Сэм выбралась из постели, чтобы воспользоваться ванной, и на цыпочках прошлась по квартире. В гостиной повсюду лежали книги — громоздились стопками на каминной полке, на полу, занимали каждый сантиметр кофейного столика. Она посмотрела на корешки. Имена авторов были ей знакомы, но сами романы девушка не читала. Борхес. Пинчон. Кафка. Эмис.
Сэм присела на диван, представляя, что живет здесь.
Потом вернулась в кровать.
— Ты для меня слишком стар, — поприветствовала она Клайва, едва тот разлепил глаза.
— Я?
— Не могу себе представить, что встречаюсь с кем-то за тридцать.
— Хорошая новость заключается в том, что именно с кем-то за тридцать ты и собираешься встречаться, — заявил он. — Ну а если нет, то я смогу тебя убедить.
— Каким же образом?
— Ты явно взрослее своих лет. Скажем, я немного инфантилен, так что мы встретимся где-то посередине. Что-нибудь в этом роде.
— Звучит как рецепт катастрофы, — сказала она.
До ее отъезда каждую ночь они проводили вместе.
Весь оставшийся второй курс они созванивались в скайпе как минимум трижды в день.
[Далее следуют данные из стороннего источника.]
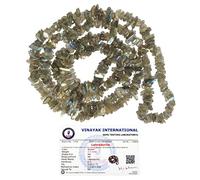 INDIA MADE Collana in labradorite mala certificata, pietra di cristallo naturale Reiki easing Chip Bead Mala caricata da Reiki Grandmaster & Vastu Expert-B09T61R1S7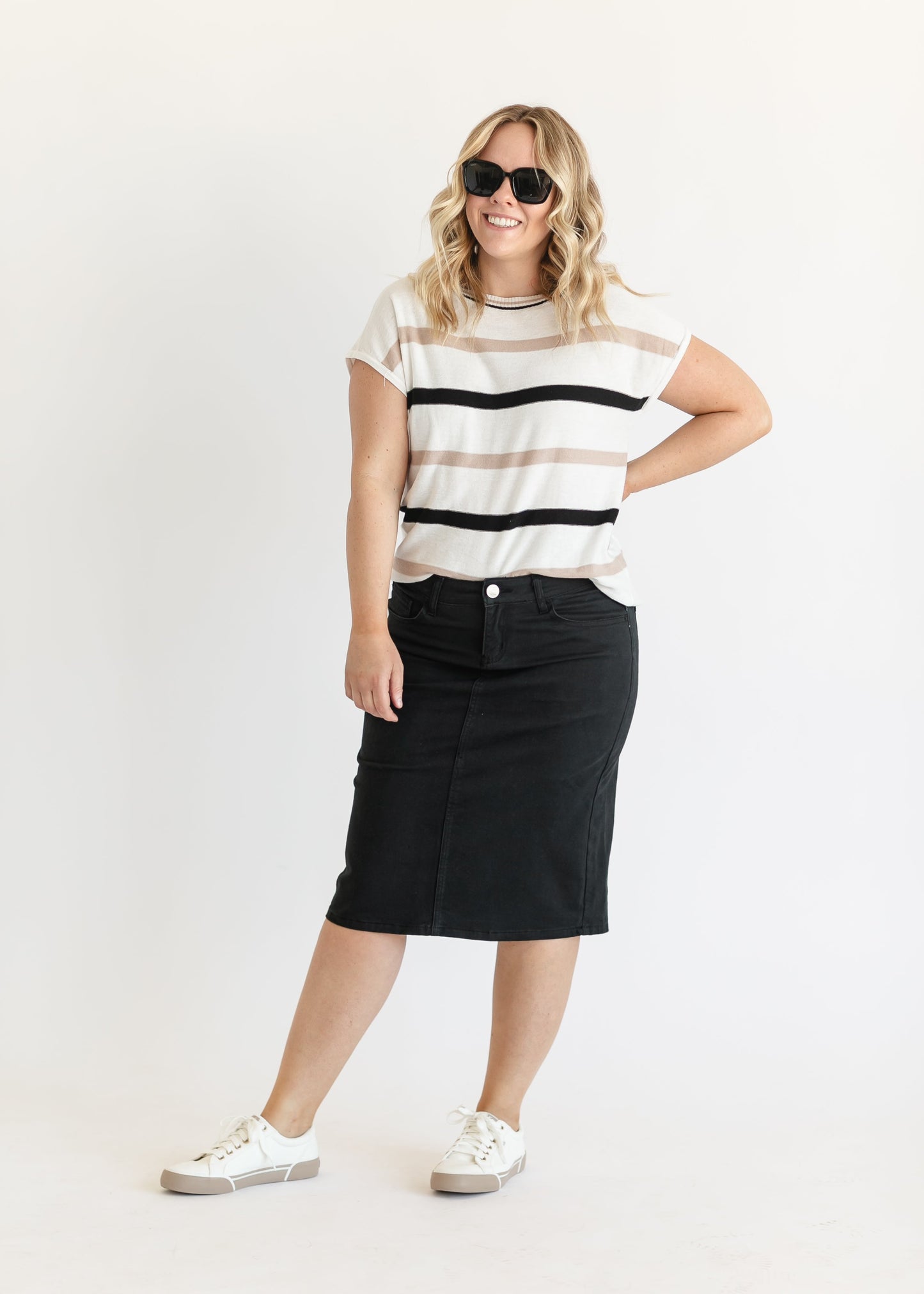 Remi Jet Black Denim Midi Skirt IC Skirts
Они забирались в постель с ноутбуками и так и засыпали. После того, как Клайв проваливался в сон, Сэм еще занималась. Она смотрела на него спящего и чувствовала такую тоску, какую не испытывала никогда прежде. По утрам она приходила работать на кухню, и Габи, оглядывая с усмешкой ее всклокоченный вид, говорила: «О, да ты попала».
Когда Клайв, этот мужчина, которого она видела пять раз за жизнь, сказал Сэм, что любит ее, ей показалось естественным ответить: «Я тебя тоже». Когда он предложил ей приехать к нему на лето, Сэм знала, что поедет, даже когда говорила:
— Я никак не могу.
— Почему нет? — допытывался он. — Моего соседа не будет до конца июля.
— Я не смогу работать, — приводила она аргументы.
— Мы тебе что-нибудь найдем, — уговаривал он. — Просто скажи «да». Это будет потрясающе.
С самого детства Сэм была очень рассудительной. Ко всему относилась ответственно, опасаясь, что иной подход испортит ей жизнь. Но сейчас речь шла не о ее жизни. Только об одном лете.
Ее мать была в ярости. Сэм понимала, что за гневом скрывается страх.
— Если ты уедешь, ты уже не вернешься, — протестовала она. — Сначала тебе нужно закончить колледж.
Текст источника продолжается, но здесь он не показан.